*** Record excerpts ***

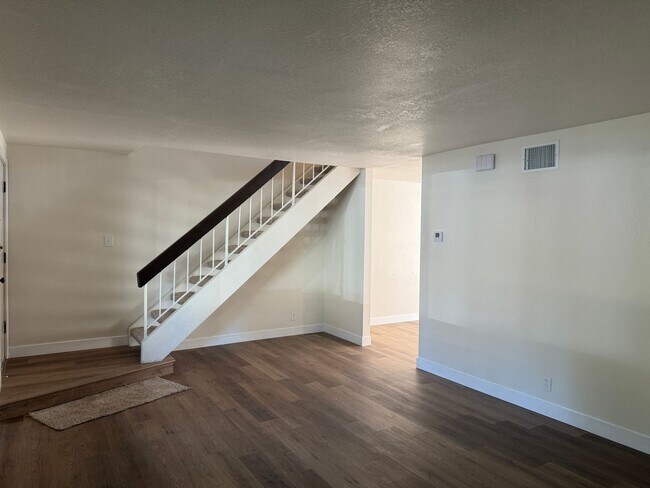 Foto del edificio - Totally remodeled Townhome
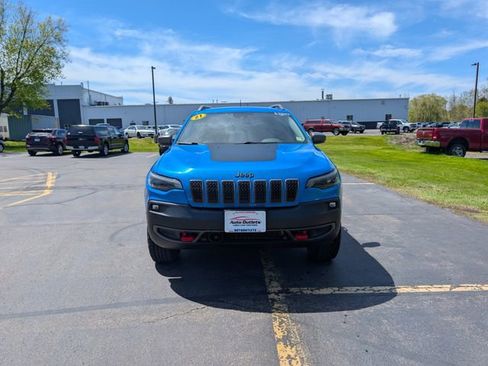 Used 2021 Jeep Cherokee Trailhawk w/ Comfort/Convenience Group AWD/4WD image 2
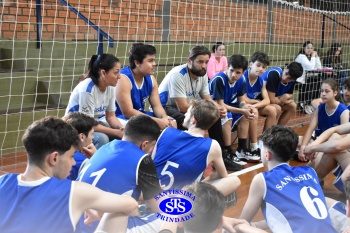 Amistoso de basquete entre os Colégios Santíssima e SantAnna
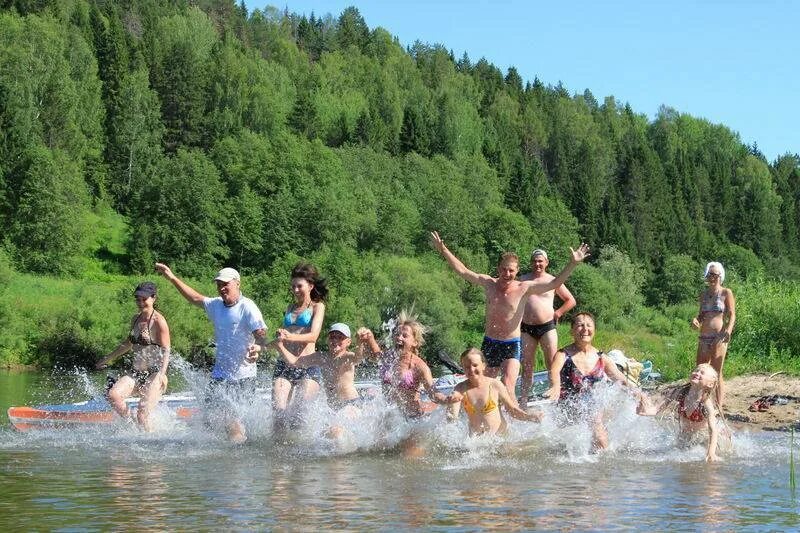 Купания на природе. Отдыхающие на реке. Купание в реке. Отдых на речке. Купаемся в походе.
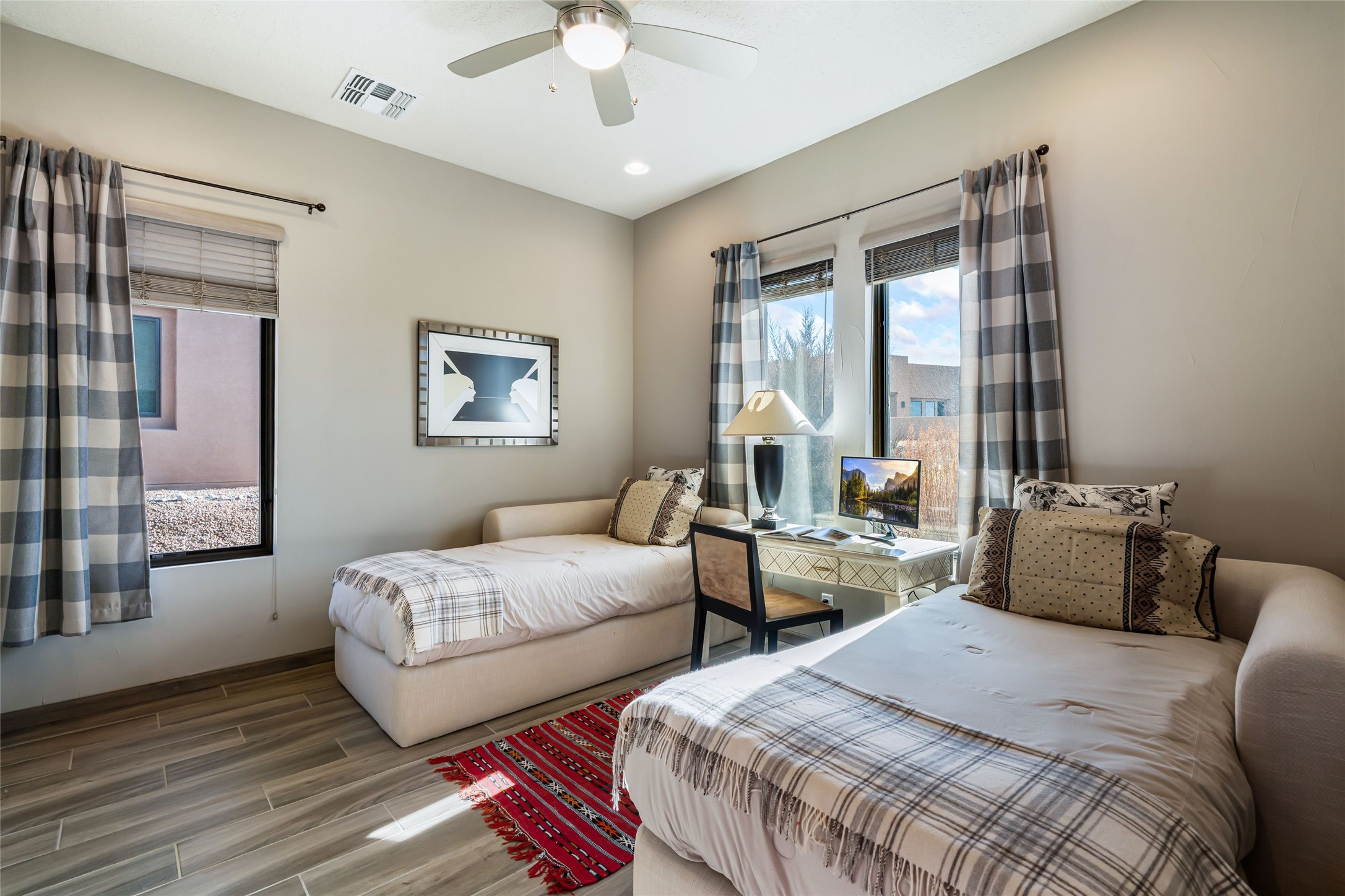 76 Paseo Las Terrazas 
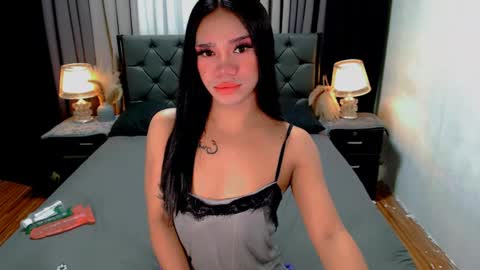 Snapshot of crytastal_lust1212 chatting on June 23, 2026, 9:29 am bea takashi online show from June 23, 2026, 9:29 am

*** End of Record excerpts ***

_Goal of the exercise:_ Restate, line by line and word for word, everything from the top of the material through the line that contains "76 Paseo Las Terrazas". Leave pictures out.

_Solution for this problem:_
 Foto del edificio - Totally remodeled Townhome
 Used 2021 Jeep Cherokee Trailhawk w/ Comfort/Convenience Group AWD/4WD image 2
 Amistoso de basquete entre os Colégios Santíssima e SantAnna
 Купания на природе. Отдыхающие на реке. Купание в реке. Отдых на речке. Купаемся в походе.
 76 Paseo Las Terrazas 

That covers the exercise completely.